Enter Cambridge Analytica (CA), a company connected to a British firm called SCL Group, which provides governments, political groups and companies around the world with services ranging from military disinformation campaigns to social media branding and voter targeting. CA indirectly acquired Kosinksi’s model and method for his MyPersonality database without his consent.
Then, CA was hired by the Trump team to provide “dark advertising” that would sway undecided people toward a Trump vote. CA was able to access this data to search for specific profiles: “all anxious fathers, all angry introverts, for example—or maybe even all undecided Democrats.” See motherboard.vice.com/en_us/article/big-data-cambridge-analytica-brexit-trump
Steve Bannon sits on the board for Cambridge Analytica.
“We are thrilled that our revolutionary approach to data-driven communication has played such an integral part in President-elect Trump’s extraordinary win,” Alexander James Ashburner Nix was quoted as saying. According to Motherboard, “His company wasn’t just integral to Trump’s online campaign, but to the UK’s Brexit campaign as well.” In Nix’s own words, it worked like this: “At Cambridge,” he said, “we were able to form a model to predict the personality of every single adult in the United States of America.”

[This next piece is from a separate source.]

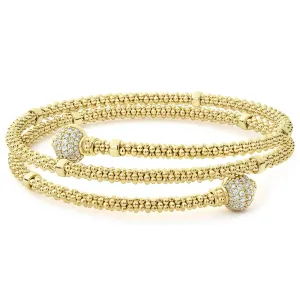 Caviar Gold 18K Gold Wrap Diamond Bracelet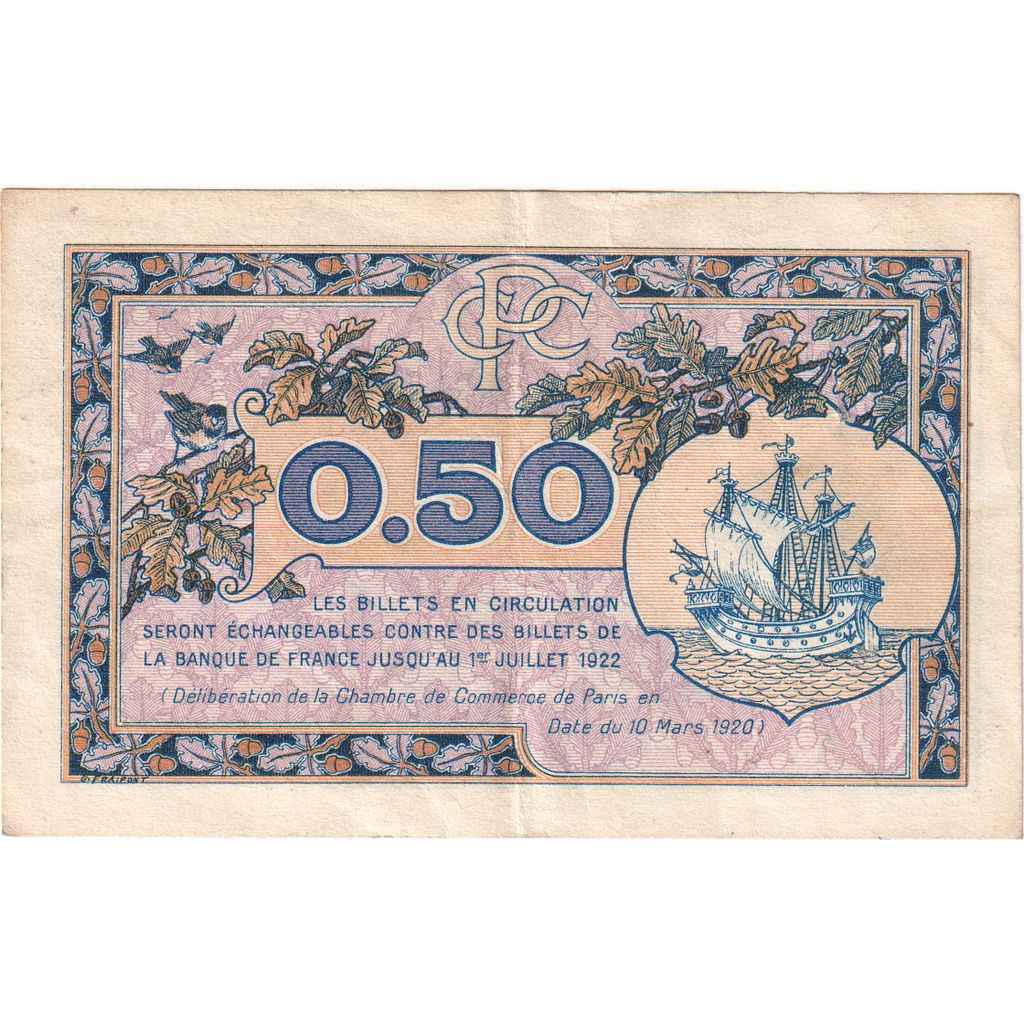 France, Paris, 50 Centimes, 1922-07-01, Chambre de Commerce, AU(55-58)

The report continues, “according to Nix, the success of Cambridge Analytica’s marketing is based on a combination of three elements: behavioral science using the OCEAN Model, Big Data analysis, and ad targeting. Ad targeting is personalized advertising, aligned as accurately as possible to the personality of an individual consumer.” Then these same consumers receive “dark posts”-or, advertisements specifically devised for them, and that cannot be viewed by anyone else other than that person.
Where did the Big Five Theory come from?
Dr. Raymond Cattell is regaled in Western culture for his so called notable contributions to the field of intelligence assessment (IQ and personality work). Despite his direct and profound relationship to the eugenics movement and his recognition by the Nazi Party for the birth of The Beyondists, his work is benignly promoted in scholarly circles. But the fact that he is professionally legitimized does not make him any less the racist he was. And his contributions toward racist practices live on. He has two notable theories of personality development and measurement entitled The Big Five Theory and the Sixteen Personality Factor Questionnaire (16PF).
The way that OCEANS Five Factors personality data from our students can be used:
The recent trend toward a “grit narrative,” hailed by Angela Duckworth and others, has been gobbled up by school districts around the country. The OCEANS model is used widely by schools and other institutions internationally.
“The grit measure has been compared to the Big Five personality model, which are a group of broad personality dimensions consisting of openness to experience (aka openness), conscientiousness, extraversion, agreeableness, and neuroticism.”
(citation: Cattell, R. B.; Marshall, MB; Georgiades, S (1957). “Personality and motivation: Structure and measurement”. Journal of Personality Disorders. 19 (1): 53–67. doi:10.1521/pedi.184.108.40.206180. PMID 15899720.
There is a growing emphasis on the “affective” learning of students. Some examples include: “ETS’ SuccessNavigator assessment and ACT’s Engage College Domains and Scales Overview … the broader domains in these models are tied to those areas of the big five personality theory.”
While “grit” has been exposed for the racist narrative it is, it’s also a direct by-product of the same OCEANS framework used to control, predict and manipulate voters. If this data can sway major national elections and change the global trajectory of history, imagine what such data, gathered on children, day after day, year after year, could yield for corporations and government interests.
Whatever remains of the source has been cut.